Dataset content:
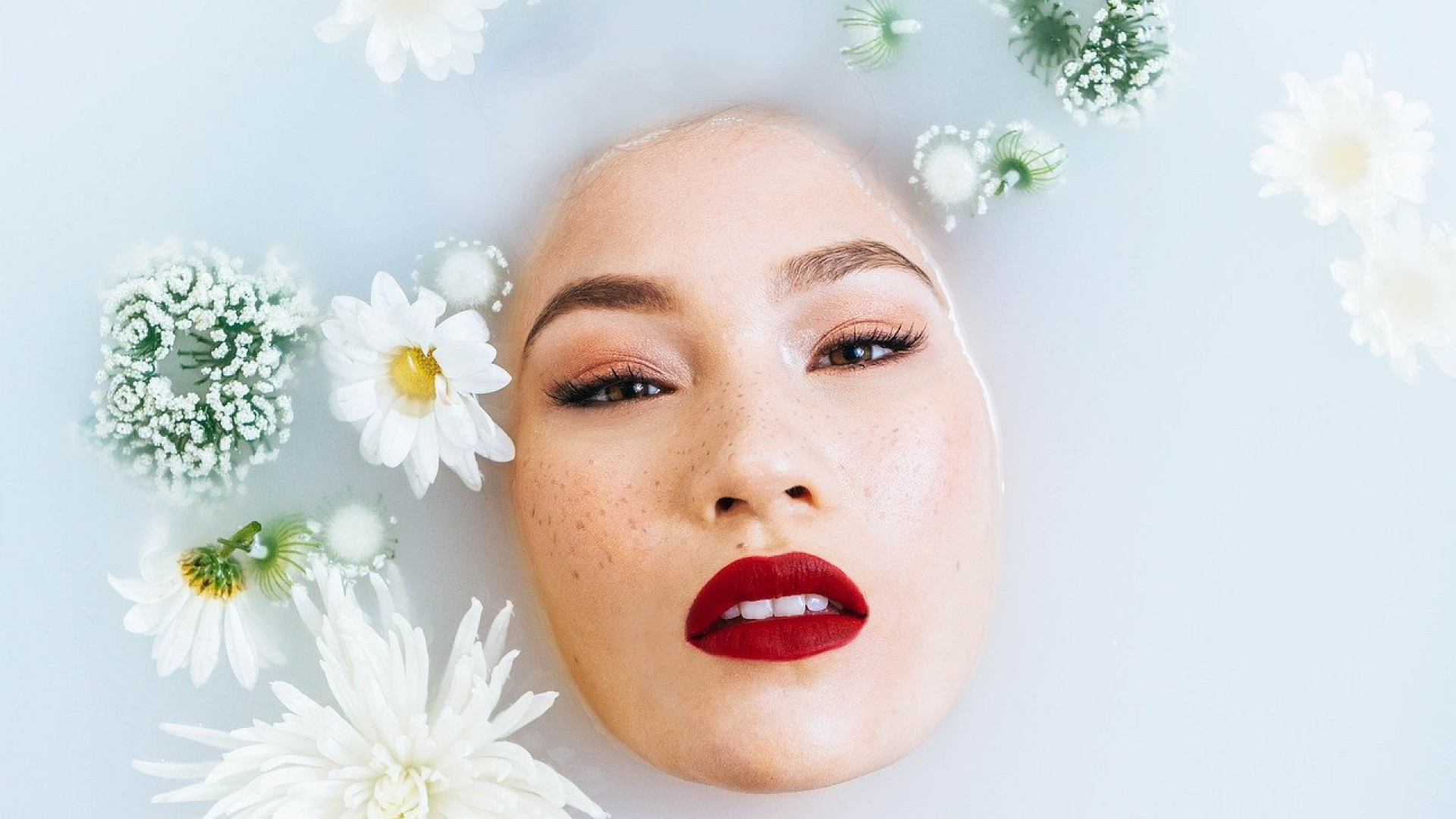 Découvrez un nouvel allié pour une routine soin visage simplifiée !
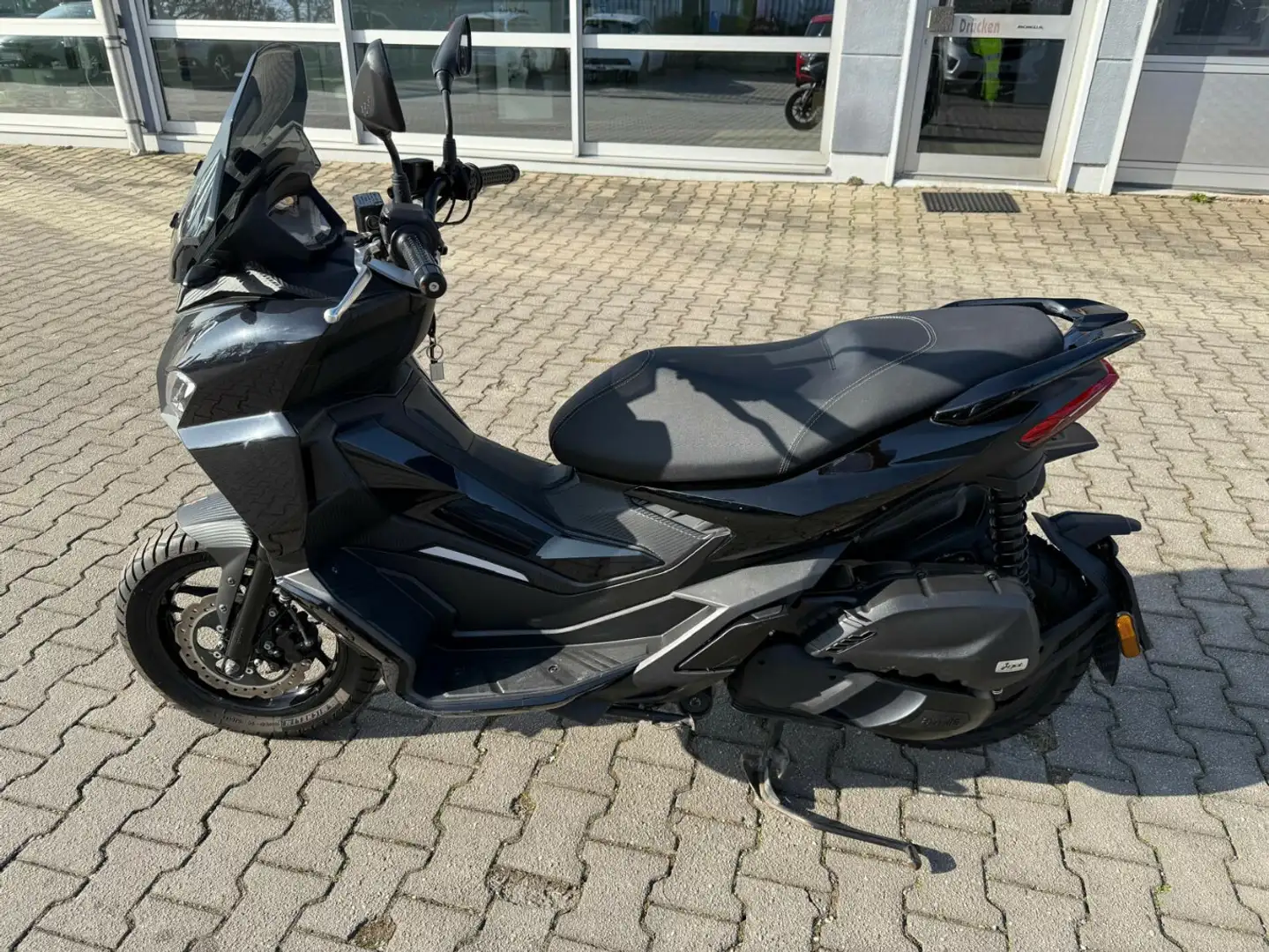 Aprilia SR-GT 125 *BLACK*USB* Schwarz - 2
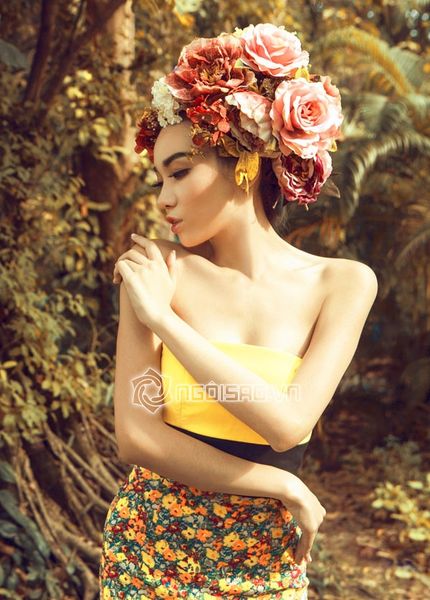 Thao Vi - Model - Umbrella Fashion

* * *

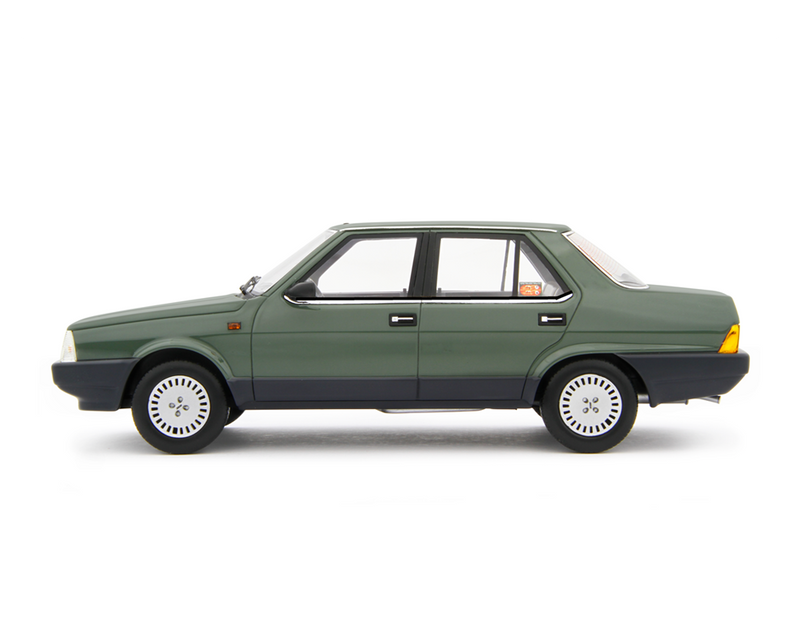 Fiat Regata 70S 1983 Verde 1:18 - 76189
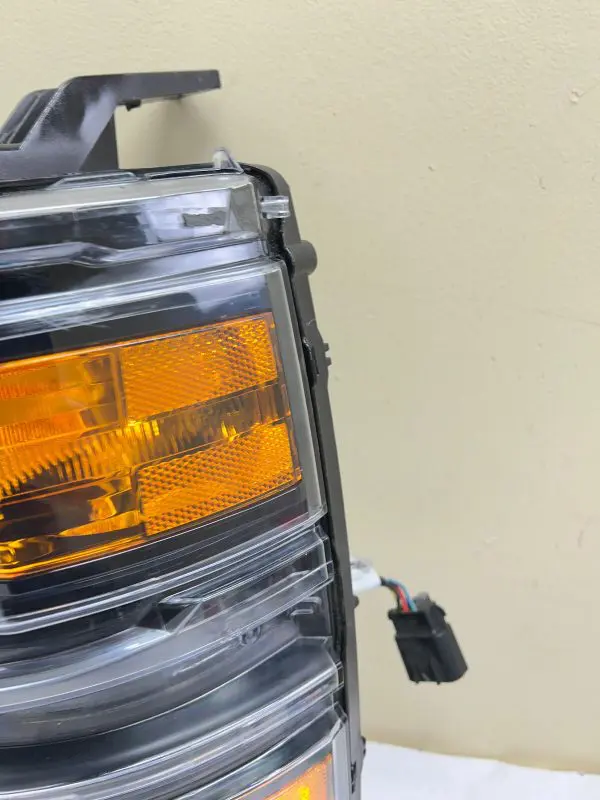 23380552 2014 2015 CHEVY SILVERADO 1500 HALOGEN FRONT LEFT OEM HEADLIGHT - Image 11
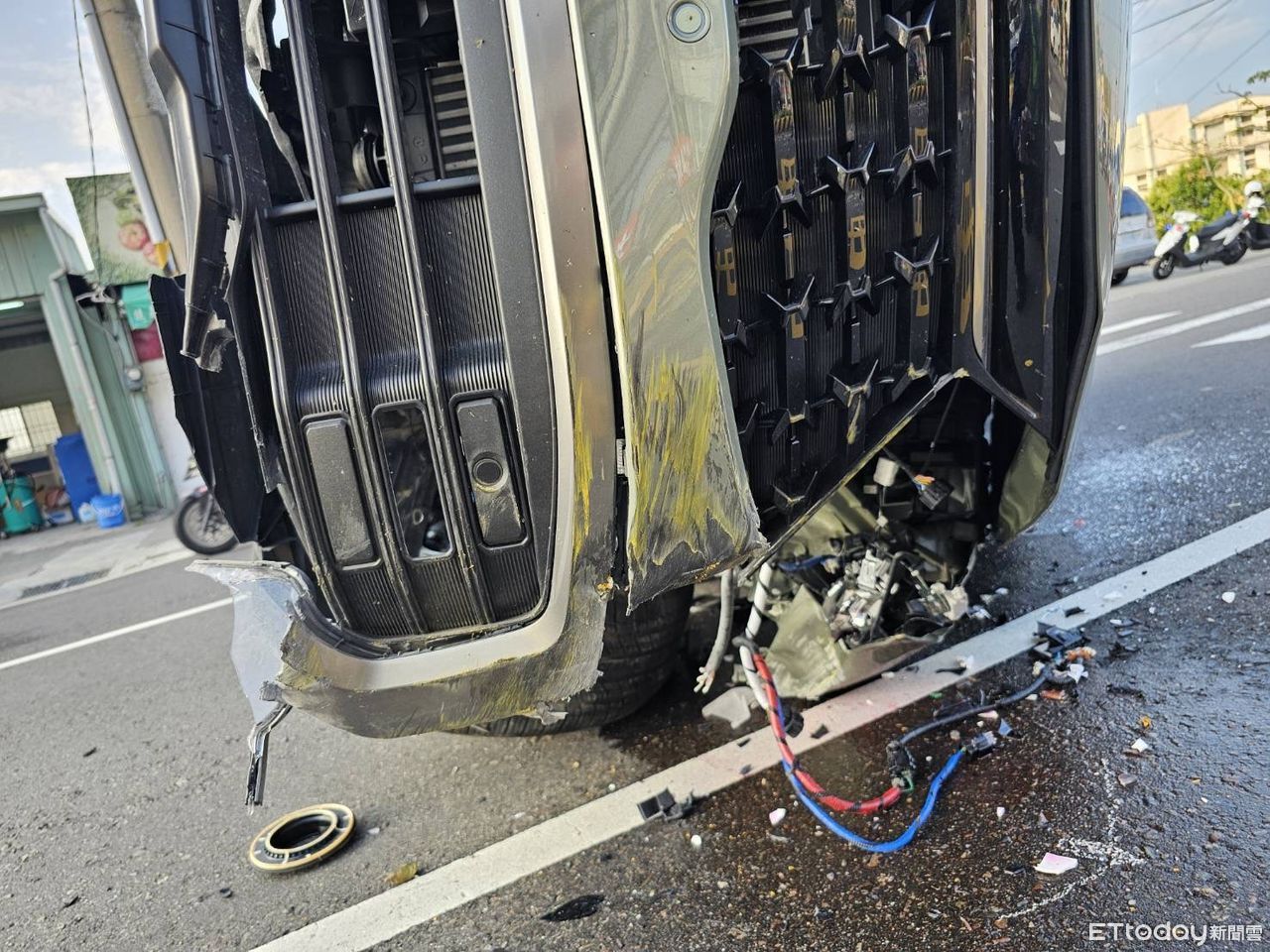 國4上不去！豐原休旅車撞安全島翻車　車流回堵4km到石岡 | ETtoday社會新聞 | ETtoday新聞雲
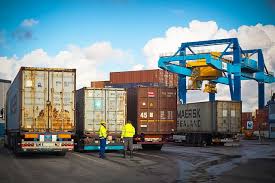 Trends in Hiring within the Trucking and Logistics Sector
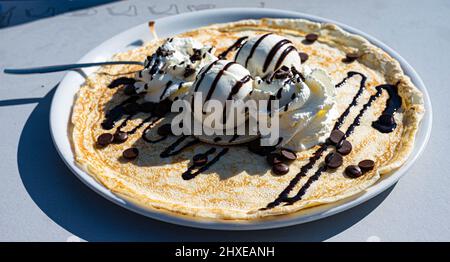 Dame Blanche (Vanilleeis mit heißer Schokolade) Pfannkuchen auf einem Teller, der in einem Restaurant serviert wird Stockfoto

Your task:
Look above for the line with "Trends in Hiring" and the line with "Dame Blanche (Vanilleeis"; set down those two lines and all lines between them exactly, without pictures and without anything else.

Worked solution:
 Trends in Hiring within the Trucking and Logistics Sector
 Dame Blanche (Vanilleeis mit heißer Schokolade) Pfannkuchen auf einem Teller, der in einem Restaurant serviert wird Stockfoto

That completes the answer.